## [WHAT THE TASK REQUIRES]
Given the records below, the lines starting at the line with "Sommer-Parka wasserdicht, leichtes" and ending at the line with "keramische knop (Zijkant)" should be output exactly, both end lines kept and pictures left out.

## [MATERIAL TO PROCESS]
·····

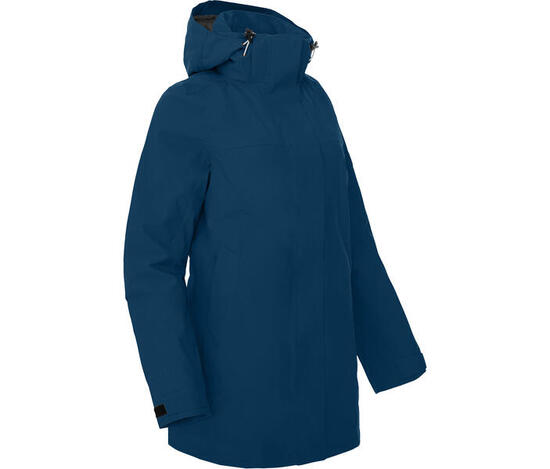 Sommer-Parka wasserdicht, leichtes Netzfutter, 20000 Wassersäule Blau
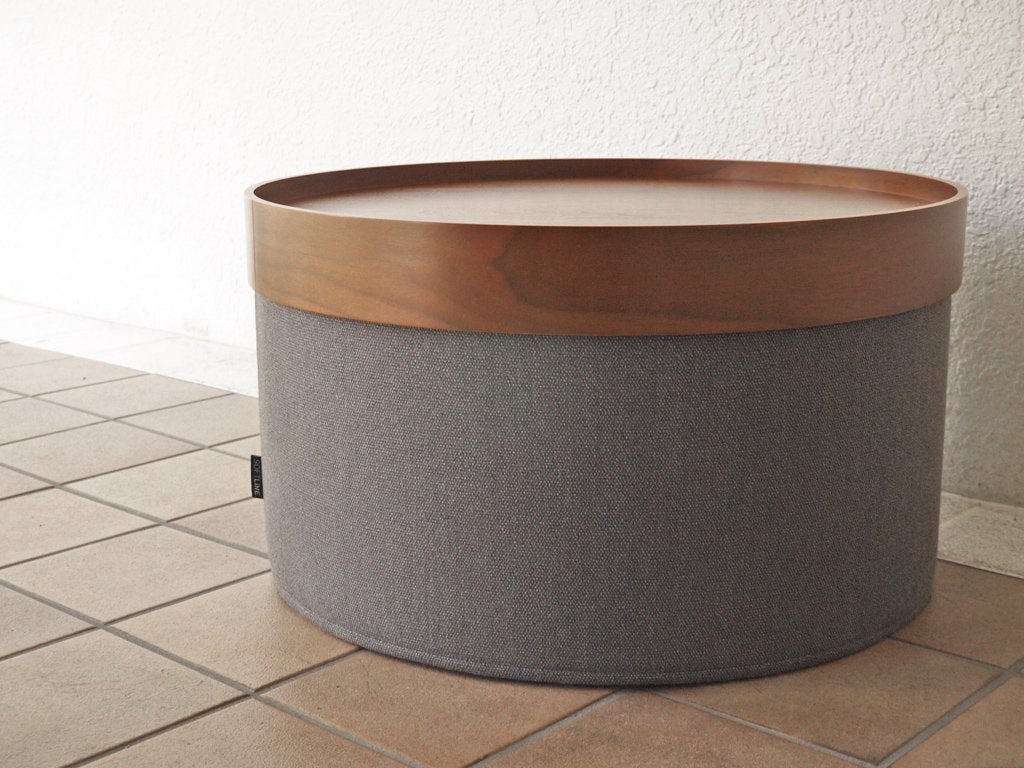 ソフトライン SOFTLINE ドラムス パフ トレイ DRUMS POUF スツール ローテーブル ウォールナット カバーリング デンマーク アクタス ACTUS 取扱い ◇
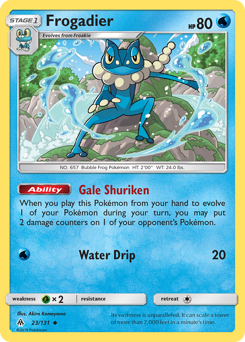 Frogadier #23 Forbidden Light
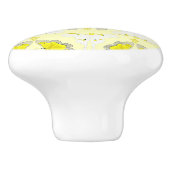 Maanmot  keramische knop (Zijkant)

·····

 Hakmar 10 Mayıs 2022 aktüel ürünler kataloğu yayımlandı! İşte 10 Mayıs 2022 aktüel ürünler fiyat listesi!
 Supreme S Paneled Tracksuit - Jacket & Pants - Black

·····

## [SOLUTION TO THIS TASK]
 Sommer-Parka wasserdicht, leichtes Netzfutter, 20000 Wassersäule Blau
 ソフトライン SOFTLINE ドラムス パフ トレイ DRUMS POUF スツール ローテーブル ウォールナット カバーリング デンマーク アクタス ACTUS 取扱い ◇
 Frogadier #23 Forbidden Light
 Maanmot  keramische knop (Zijkant)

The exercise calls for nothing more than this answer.